When people with a fixed mindset are confronted with a difficult problem and experience early failure, they attribute that failure to lack of innate talent or intelligence. they do not believe that additional effort will lead to success. Instead, they try to prevent looking stupid or lacking in talent. They try to prevent future failures and give up. People with growth mindset believe that effort and persistence are more important than innate talent or intelligence. When they experience early failure, they understand that they need to dedicate themselves to harder work. They are likely to study their early failure for lessons that can be used to try to achieve later success.
Understanding about growth and fixed mindsets and how they affect persistence is important. People with growth mindsets tend to be more successful. The good news is that mindset is changeable. Most people have growth mindsets in at least some areas of their lives.They can learn to change their mindset to growth mindsets in others. For example, think of someone who is not a very good athlete and is a good mathematician. Assume that person has a growth mindset in math but a fixed mindset when it comes to sports. S/he can learn to apply a growth mindset to sports.
Give the preconceptions many of us have about intelligence, it often makes sense to start talking about intelligence by talking about what it is not. Intelligence is not fixed but malleable. A shorthand way of expressing this idea is by saying, smart is not what you are but what you get.

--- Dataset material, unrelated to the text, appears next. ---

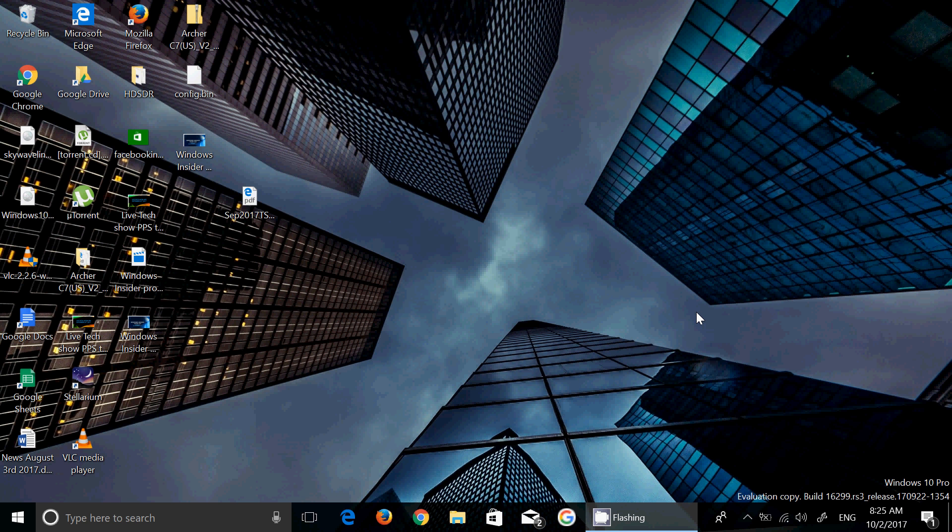We're just barely two weeks away from Fall Creators Update, and we'll have these countdown videos until we get there. Each day we'll talk about a different aspect of the Fall Creators Update and show you a few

So, how do we express what intelligence is? When it comes to intelligence, heredity counts, but it is not destiny. Intelligence is being able to behave completely in both the physical and social world. Another way to define intelligence is the rate at which a person learns. Although the brain is not a muscle, like a muscle, it can be strengthened with tough exercise. Although we learn somethings readily in some domains, we can learn practically anything by sheer will and determination.